レヴァークーゼンの「速さ」は単なる速度の速さではない
レヴァークーゼンの快進撃を支えている戦術的な特長をあげるなら、「速さ」と「コントロール」だと思う。レヴァークーゼンのビルドアップは3バック+2ボランチが基本。この5人が近い距離で繋がることで相手を引き寄せ、それによって前方5人(トップ、2シャドー、2ウイングバック)が使えるスペースを広げる。後方のパスワークを寸断しようとして守備側のプレッシング人数が増えるほど、他の空きスペースが大きくなる仕組みだ。 いわゆる「擬似カウンター」に似ていて、例えばブライトンなどもこうしたビルドアップの形を持っているが、形としてそれを行っていないところがレヴァークーゼンらしさだろう。 攻撃側の時間と場所を制限することがプレッシングの要諦だが、それを逆手にとっている。かつてはジダンが人間磁石としてほぼ単独でこれを行い、全盛期のバルセロナはシャビ、イニエスタ、ブスケッツ、メッシの近距離パスワークで絶大な効果をあげた。
この手法が成立すると、いつでもカウンターアタックができるので速く攻め込む必要はない。集まった相手を束にして置き去りにできるのだが、そのかわり速くプレイしなければならない。 速く攻め込む。いわゆる「縦に速い攻撃」は単純に相手ゴールへ到達するまでの時間だけが問題にされている。
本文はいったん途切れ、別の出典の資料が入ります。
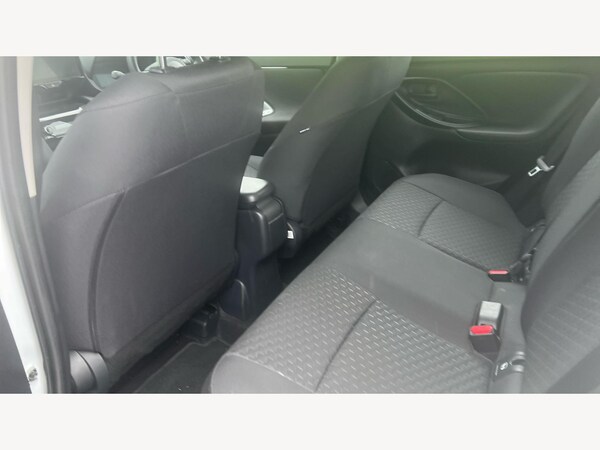 Used Toyota Yaris Cross 2024 for sale - 76239860: Photo 15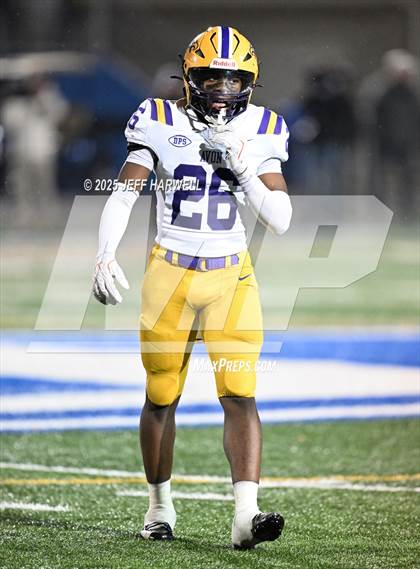 Thumbnail 3 in Avon vs. Highland (OHSAA Division 2 Regional Final) photogallery.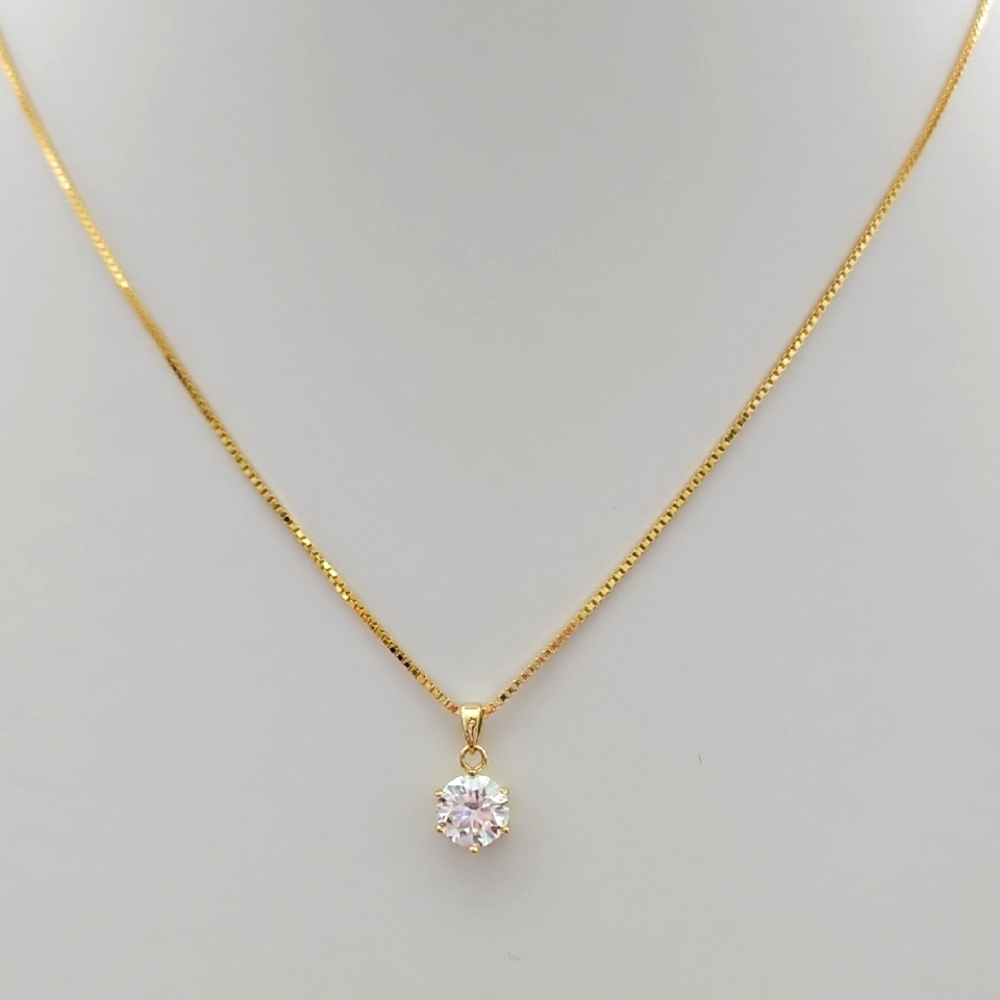 1ct 6prong Moissanite Necklace. Yellow Gold Plated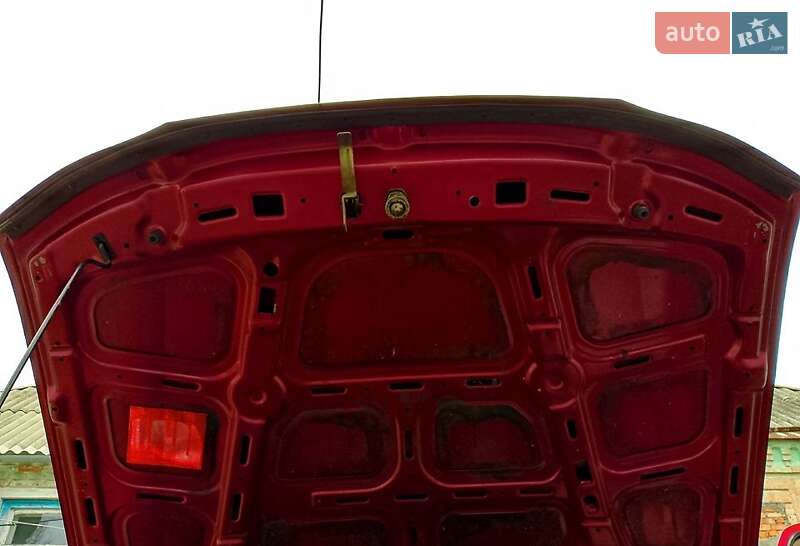 Седан Daewoo Nexia 2010 в 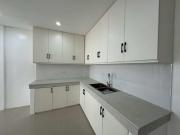 Spacious 2 Storey House with Balcony & Garage in...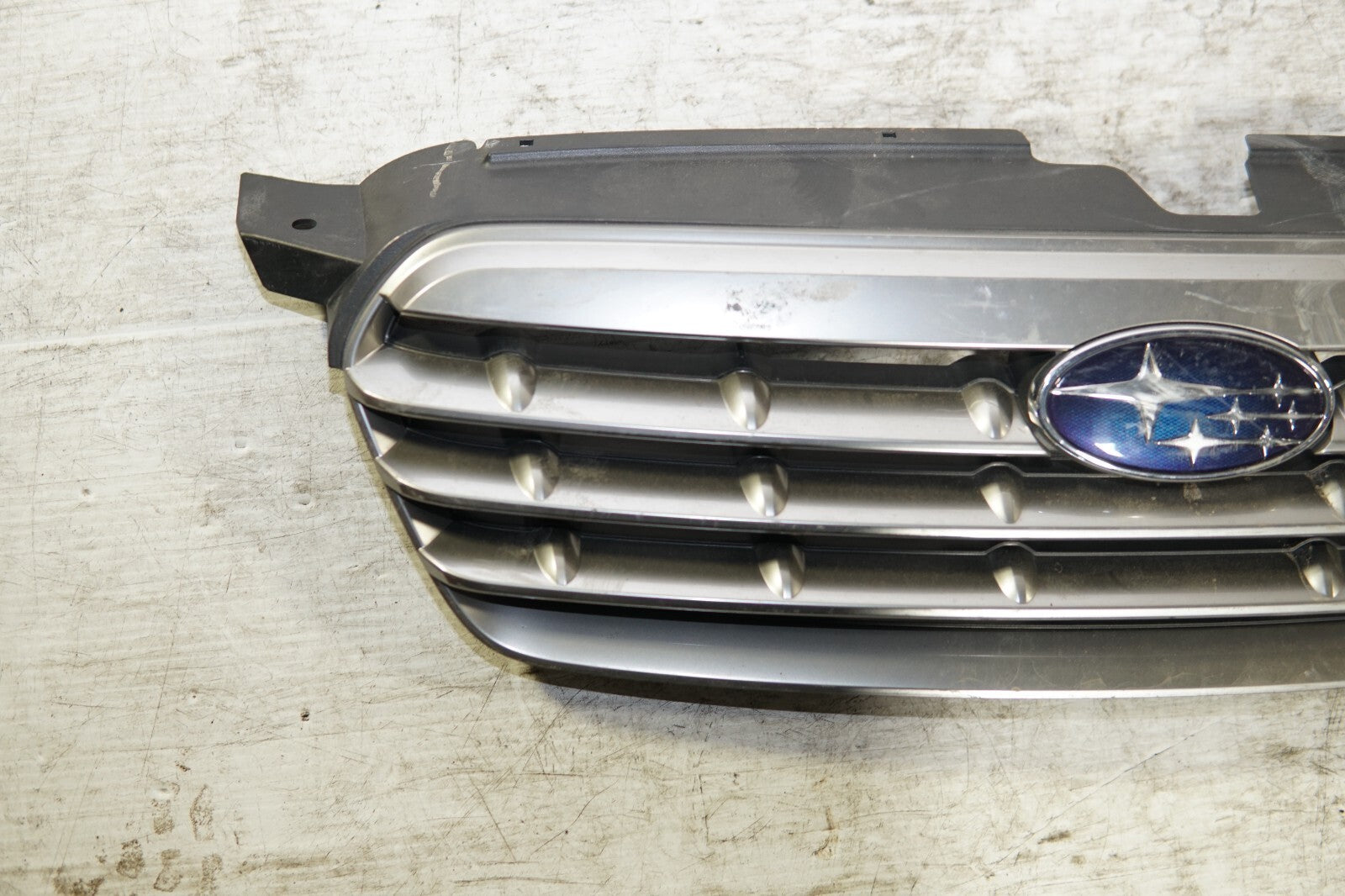 JDM Subaru Legacy Oem Grille BP5 BL5 2008-2009 MF-452
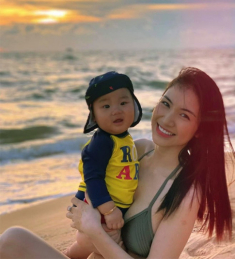 Lần đầu đăng ảnh bikini bên con trai, Hoà Minzy ngại ngùng vì hở hang, thừa nhận ngực chảy xệ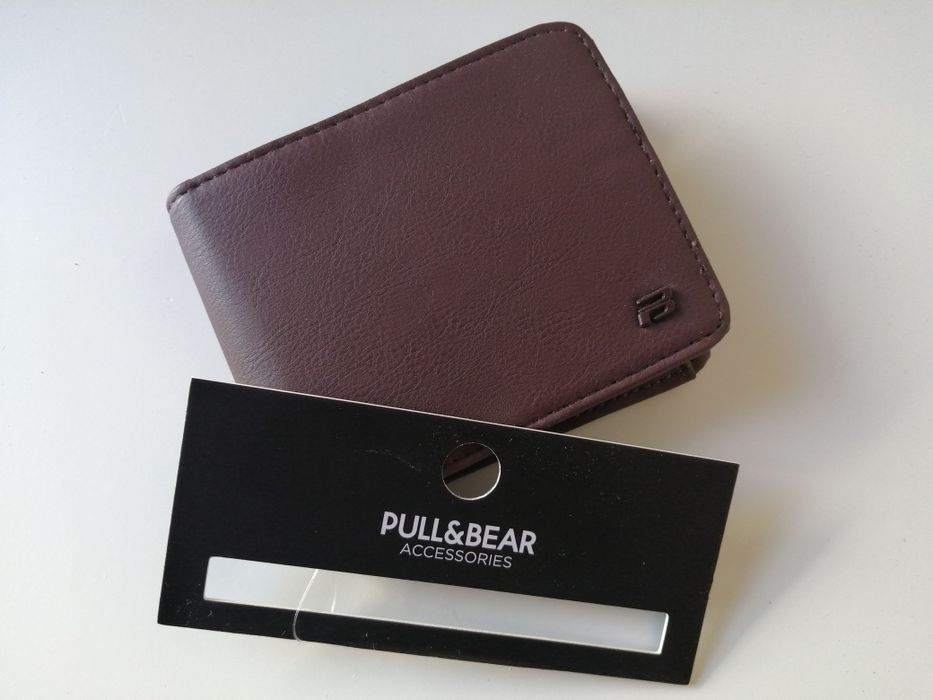 Carteira nova a estrear Pull&Bear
ディフェンスラインの裏のスペースへ蹴り、全速力でこれを拾ってシュート、ラストパスというのが典型的なイメージだろうか。これは単純な速度としての速さである。 一方、レヴァークーゼンが行っている速いプレイとは、速度ではなく相手との相対的な速さだ。人から人へとパスがつながり、あれよという間にゴールに迫っている。見た目はそこまで速くないし、毎回全力疾走しているわけでもない。しかし、相手は置き去りにされている。